Trying to get some quick insight from a data set is what we often do here at DataLab. And DataFests face some of the same challenges we do. For instance, lots of really interesting data sets aren’t public, and their owners are reluctant to disclose them for competitive or privacy reasons. DataFest’s strikes deals with providers that allow students to publish their analyses but not the underlying data; the providers get to benefit from the students’ insights. This year’s provider — GridPoint, an energy-management company — has modified its building-energy-consumption data to make it impossible to identify the buildings. Prior data providers include the Los Angeles Police Department and the online-dating site eHarmony (which also has provided data to FiveThirtyEight).

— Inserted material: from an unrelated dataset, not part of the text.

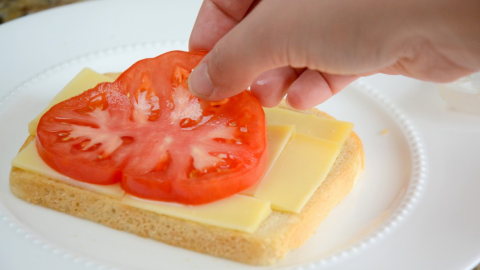 sandwich-7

“It’s really rare to get really current data actually being used in the real-live corporate world, so that makes it really special,” Robert Gould, DataFest’s founder and a professor of statistics at UCLA, the host for this weekend’s event, said in a phone interview. “Somehow it’s just not that thrilling for the students to learn all we’ve done is point them to a public data set. There’s something really special to have someone who owns the data present the challenge. It makes the students feel they’re being paid attention to and listened to.”
The students also get the benefit of advice from local data professionals who visit during the marathon sessions. This year they include academics, and people from the energy, health and tech sectors, including representatives from IBM, eHarmony and Google. Some consultants are evaluating students even as they’re helping them, Gould said. “Some of them end up hiring some of the students. They get a good insight as to how mature they are.”
The first DataFest, in 2011, was 25 students at UCLA. The next year Duke University hosted its own event, and this year, three more schools hosted events. If everyone expected this weekend shows up, more than 400 students will have tried their hands at the GridPoint data.
At Duke, students combined outside data sources and conversations with company representatives with data-analysis tools such as hierarchical regression and nonparametric data smoothing. (I’m omitting the details at Gould’s request so the UCLA participants start from scratch. No cheating!) Students can use whatever software they prefer — though just about all winners have used R, the open-source statistical programming language, Gould said. Contestants come from many departments, including computer science and even the humanities. “The teams that have done best usually have a mixture of talents,” he said.
Gould’s frustration with the quality of students’ work on class projects inspired him to create the event in 2011. “I was a little frustrated with the way our students, even the bright ones, didn’t rise to the occasion for final projects or special projects,” he said.
In DataFest, students can present up to two slides, for no more than five minutes, and then are judged by a panel of faculty and local data pros, for awards such as best use of outside data and best visualization.
Although the data sets would fit by some standards in the buzzy rubric of “big data” — several million rows — students are expected to use whichever techniques from data science or traditional statistics are most appropriate. “The idea is not to fit a statistical model, but to do best by the data,” Gould said. “We’re not specifying any estimation has to happen. Tell us something that surprises us, that we wouldn’t have known.”
There are limits, though, to how much college students — or anyone, for that matter — can accomplish with a novel data set in two days. Gould said some students created an informative crime map with the LAPD data. But asked whether any of the analysis led to changes to police policy, Gould replied: “I would hope not. Mistakes will happen over 48 hours, and these are undergraduates.”